Cardiology has entered the information age, and modern medical practice now provides us with increasingly vast quantities of complex data which include electronic health records, blood tests, and imaging.
For over 30 years there have been efforts to automate the analysis of these data, including coronary angiograms. The earliest methods used manually programmed algorithms employing traditional methods such as edge detection1. However, recently there has been an explosion in medical computer vision, with significantly more complex analyses becoming possible.
“Deep learning” is the driving force behind this revolution. It represents a paradigm shift in the way we use computers to solve complex problems. Instead of using a traditional algorithmic approach, where a computer programmer instructs a computer to perform an explicit series of steps to solve a problem, we instead allow the machine to learn how to solve the task for itself. An “artificial neural network”, in some ways similar to the mammalian optic cortex, is modelled inside the computer. We show this neural network many thousands of examples of data, such as angiograms, along with the “correct” answer (such as the presence of a coronary stenosis or not). The computer continuously adjusts the strengths of the neural network’s synapses so that it can better perform its task and, hopefully, with time, a successful “digital brain” evolves. This artificial intelligence (AI) approach is often so successful that it can exceed the performance of the humans who train it2.
It often seems difficult now to read a medical journal and not see AI being mentioned at least once. However, despite AI’s successes, bold claims should be met with healthy scepticism. A recent review lamented how common it is for studies not to present results using externally validated data3. This is particularly important, as the greatest risk with any solution using deep learning is the risk of “overfitting”. Overfitting refers to the phenomenon where a neural network will tend to perform very well when shown an angiogram it has encountered during the training process. In simplistic terms, the neural network may learn to “memorise” certain angiograms, rather than learn generalisable principles which will help its decision making on new data. A failure to assess the network properly on completely separate data inevitably results in disappointing real-world accuracy.
In this issue of EuroIntervention, Du et al report the performance of a novel AI solution that uses a neural network to analyse coronary angiograms4.
This system is able to segment out the coronary tree, make measurements of any stenoses, identify the presence of pathologies including thrombus and dissections, and automate SYNTAX score calculations. Whilst its performance is impressive, it is arguably the quality of its data that is most worthy of praise. Over 20,000 angiograms, across seven different angiographic views, from 10,000 patients were used in the study, with the performance being assessed on a set of 1,000 angiograms from separate patients. Two different functional deep neural networks were trained, one for the recognition of the coronary segments, the other for the lesion morphology. Per patient, a total of 20 coronary segments were annotated. For the lesion morphology, expert cardiologists annotated multiple parameters, including calcification, thrombosis and dissection, aside from the standard lesion parameters. Actually, all the work was carried out by 10 certified cardiologists at Fuwai Hospital over a period of 11 months! The average recognition accuracy of coronary segments was found to be 87.6%, while the F1 scores for the various lesion characteristics were above 0.80. Despite these very interesting results, it must be noted that this remains a single-centre study and, as yet, no system has been able to harness the rich temporal data that can be gleaned from angiographic videos (instead, angiograms are interpreted as still images).

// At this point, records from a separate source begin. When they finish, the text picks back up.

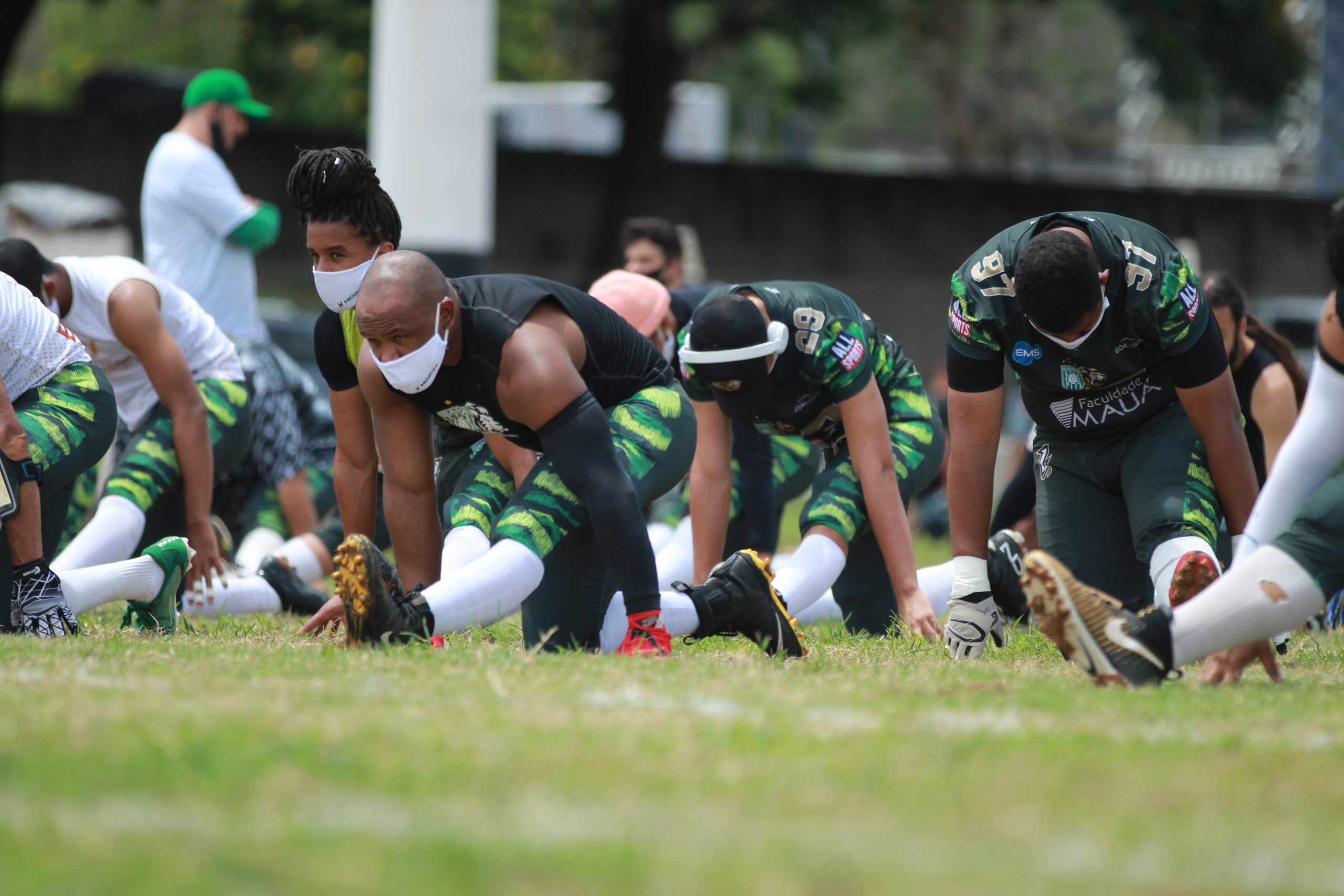 Equipes de futebol americano do DF começam seleção de novos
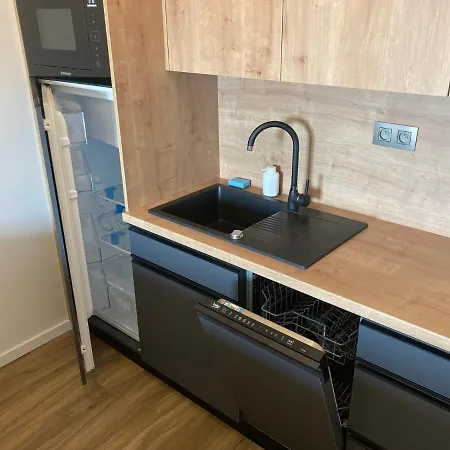 Moderný A408 V Centre Nr, Parkovanie V Cene Apartamento *
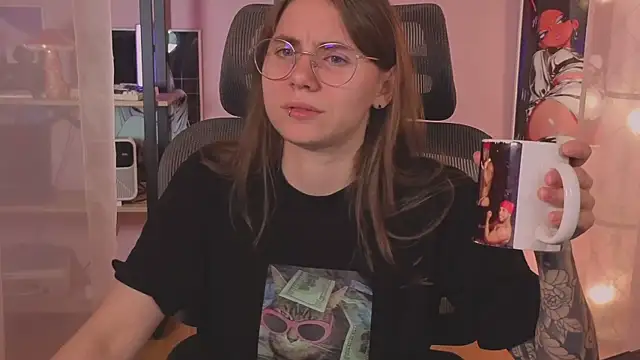  AnnaStark  online show from June 18, 8:47 pm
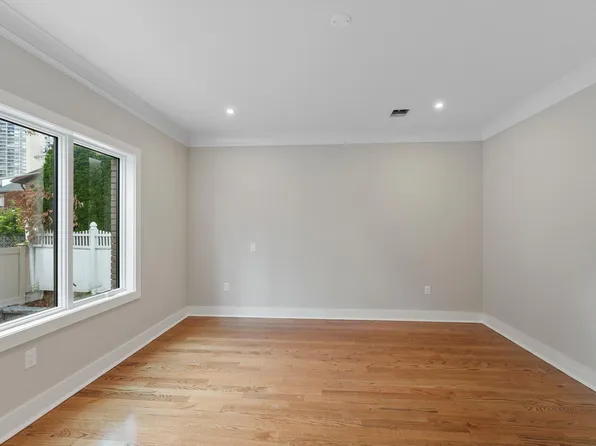 211 Warwick Avenue image 6 of 16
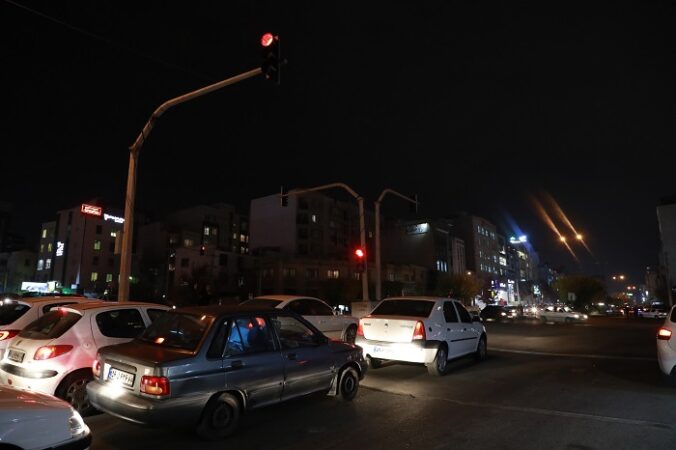 نصب دکلهای چند وجهی چراغ راهنمایی در میدان کتاب نصب دکلهای چند وجهی چراغ راهنمایی در میدان کتاب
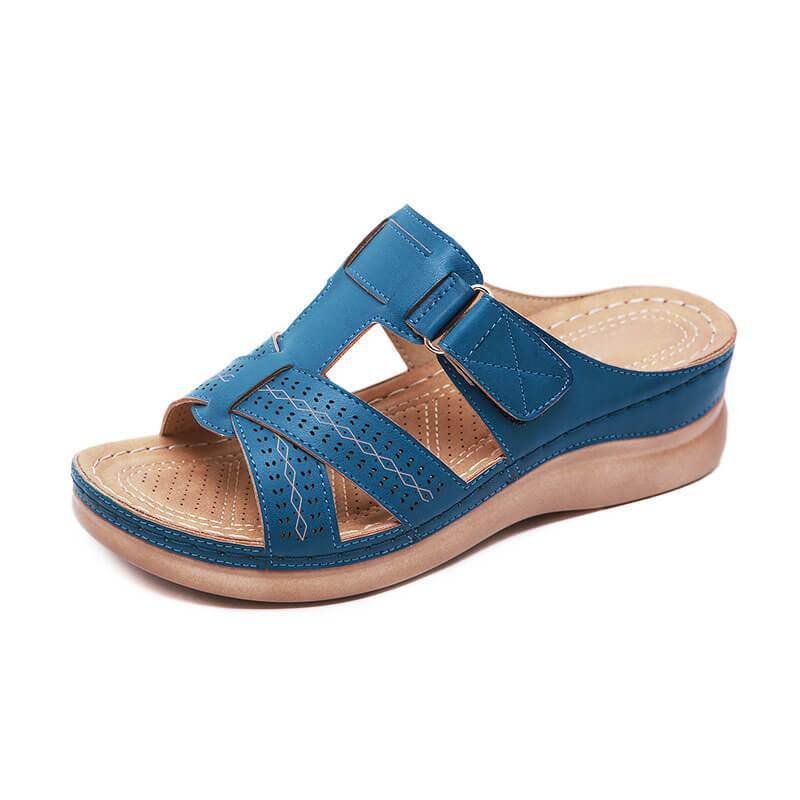 Delaney | Orthopedic Comfort Meets Timeless Style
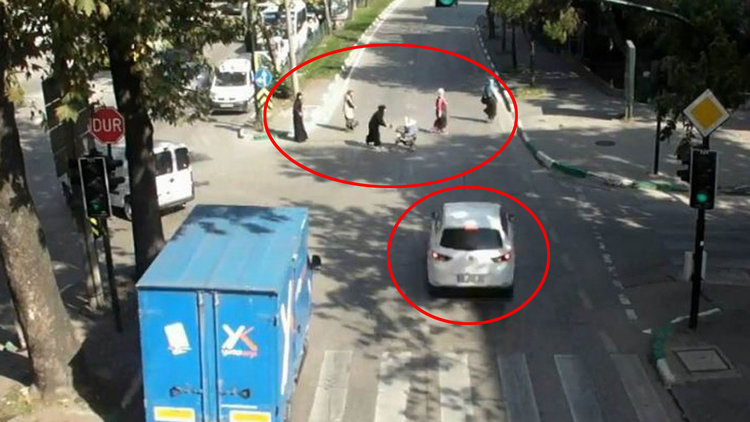 Bebek arabasındaki çocuk ölümden böyle kurtuldu!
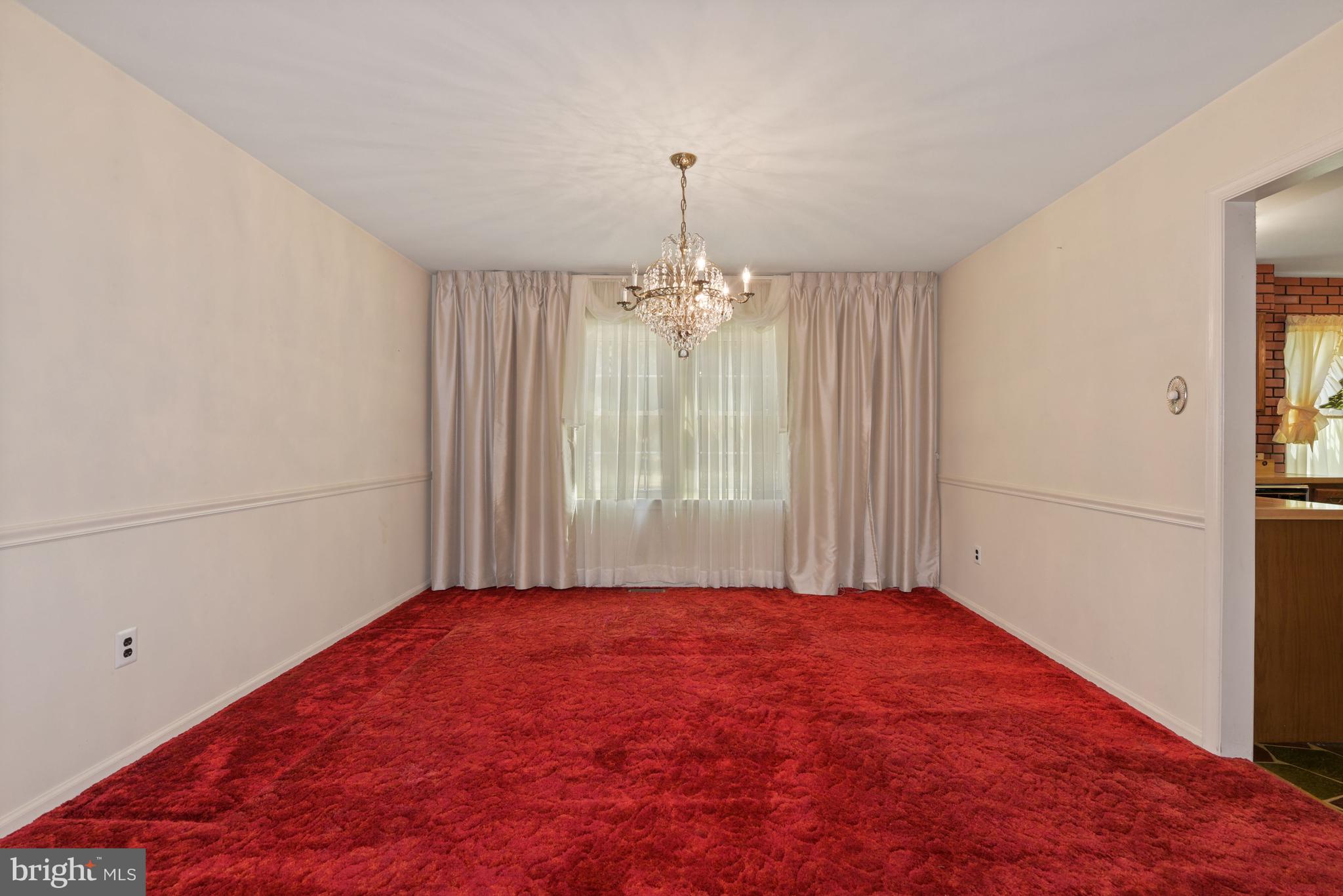 12 Wimbeldon Way Tabernacle, NJ 08088 - Photo 11 of 35 Formal Dinig Room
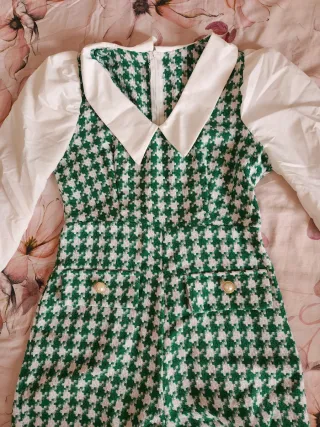 Mono tweed verde y blanco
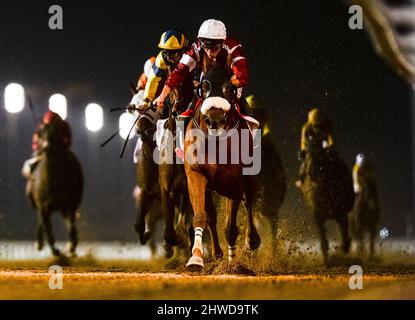 Dubai, SIND. 5. März 2022. EASTERN WORLD mit Jockey RAY DAWSON gewinnt G3 Mahab Al Shimaal über 1200m (6 Furlongs) während des Super Saturday auf der Meydan Racecourse in Dubai, Vereinigte Arabische Emirate, 5. März 2022. (Bild: © Martin Dokoupil/ZUMA Press Wire) Bild: ZUMA Press, Inc./Alamy Live News Stockfoto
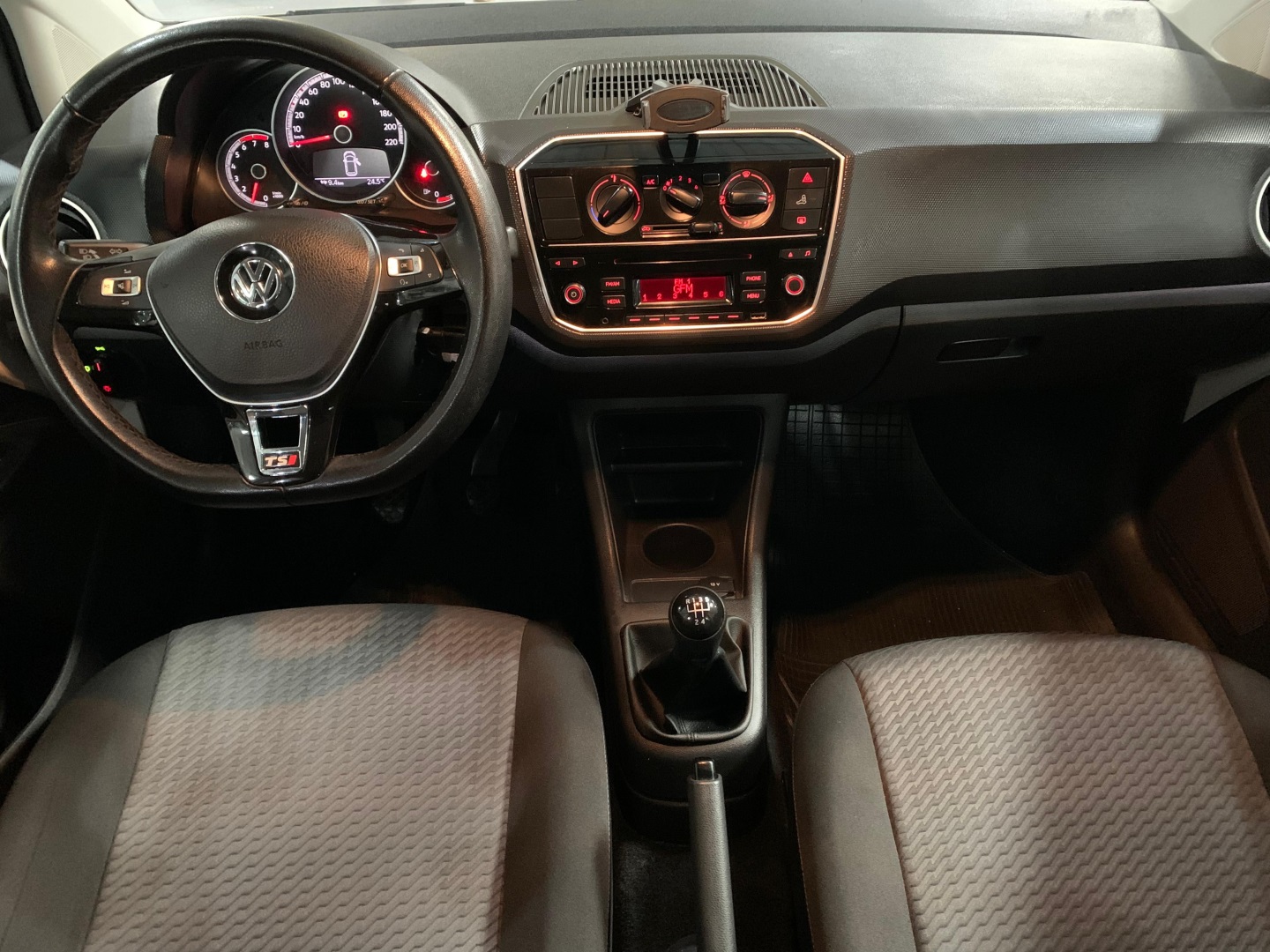 VOLKSWAGEN UP
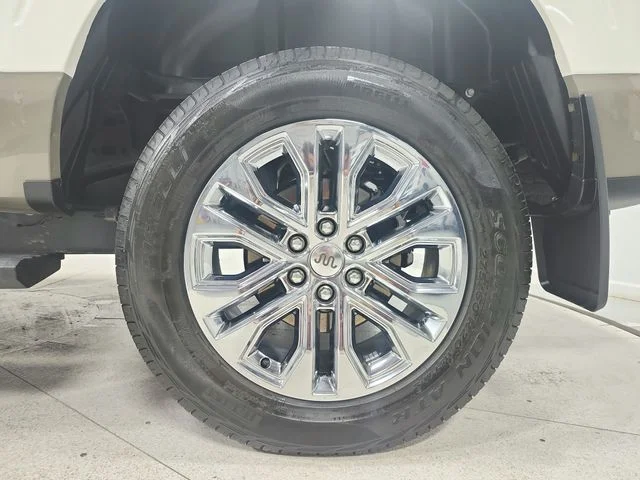 Used 2025 White Ford King Ranch image 51
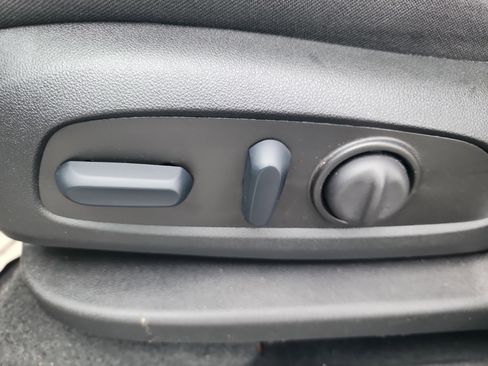 Certified 2024 Chevrolet Equinox LT image 12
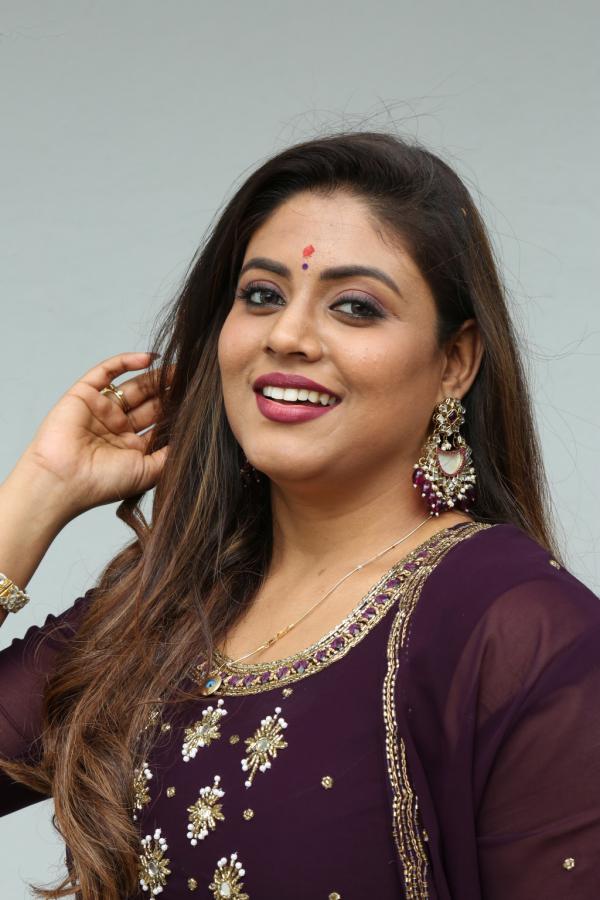 iniya-stills-3.jpg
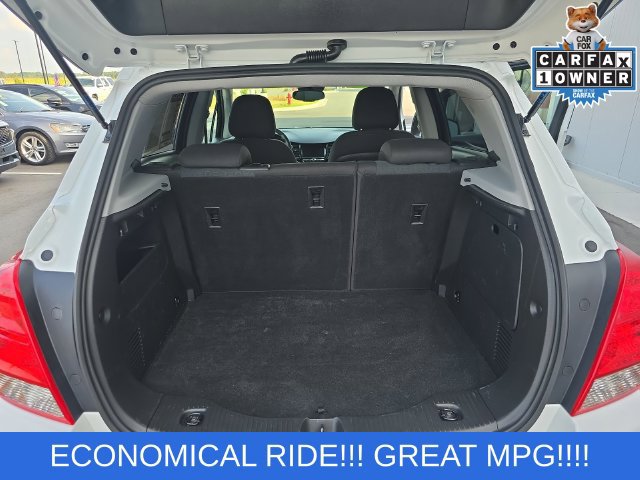 Used 2022 Chevrolet Trax LS w/ Tint and Cruise Package FWD image 12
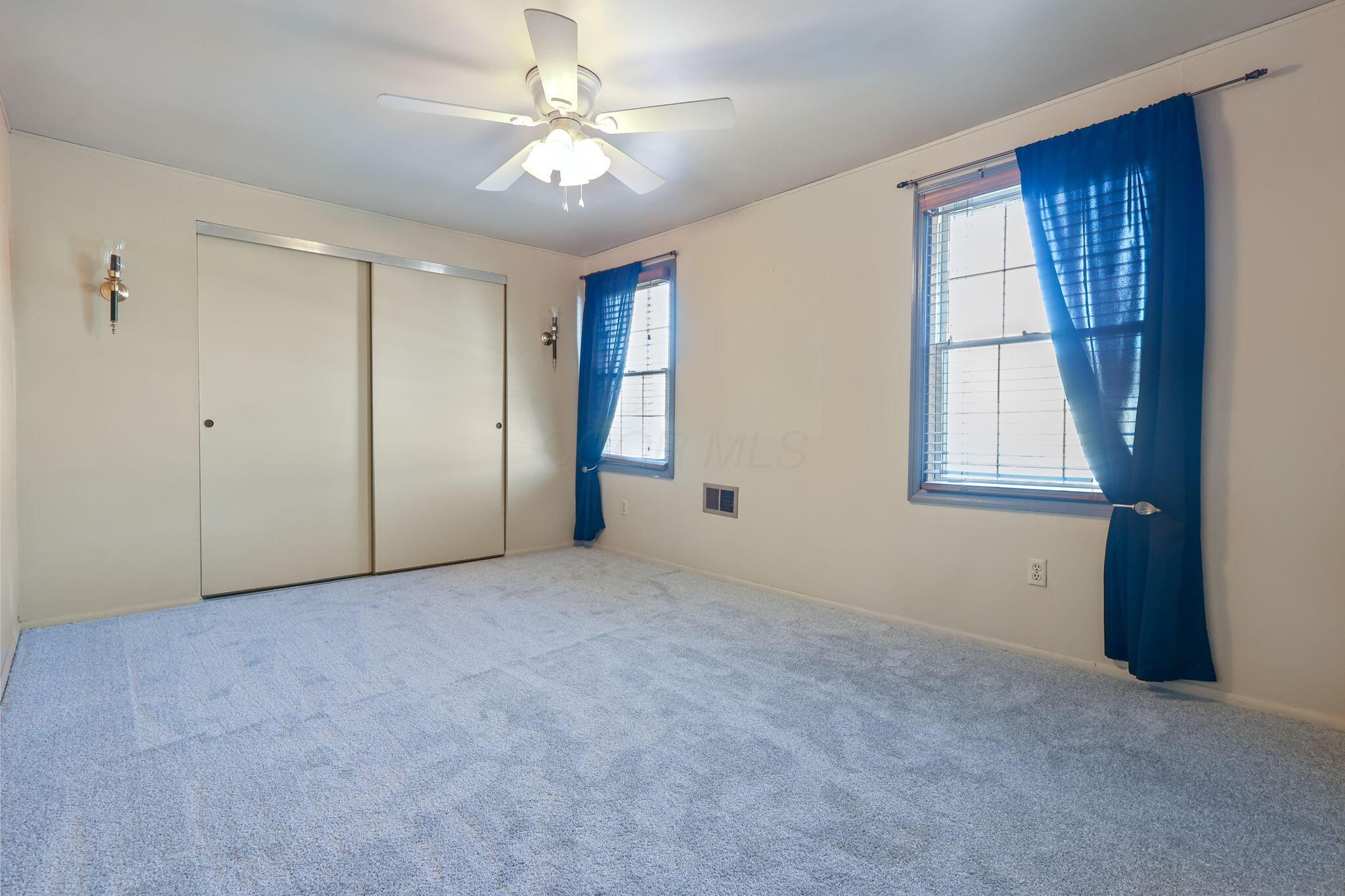 2454 Hardesty Drive S, T6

Will we see this system, DeepDiscern, in clinical use? There are significant regulatory hurdles that need to be overcome before such a system could be used by cardiologists in the catheterisation laboratory5; the leap from “bench to bedside” is often frustratingly difficult6. The catheterisation laboratories in 2025 may not have DeepDiscern at cardiologists’ fingertips, but most catheterisation laboratories in 2035 will almost certainly integrate similar AI solutions. Whilst Du et al are tackling the automated analysis of coronary angiograms, others are working on similar systems for aortic waveforms and coronary physiology7,8. Given these exciting advances, it may be that in 20 years we will not be asking about AI’s role in the cath lab, but rather the cardiologist’s.
Conflict of interest statement
The authors have no conflicts of interest to declare.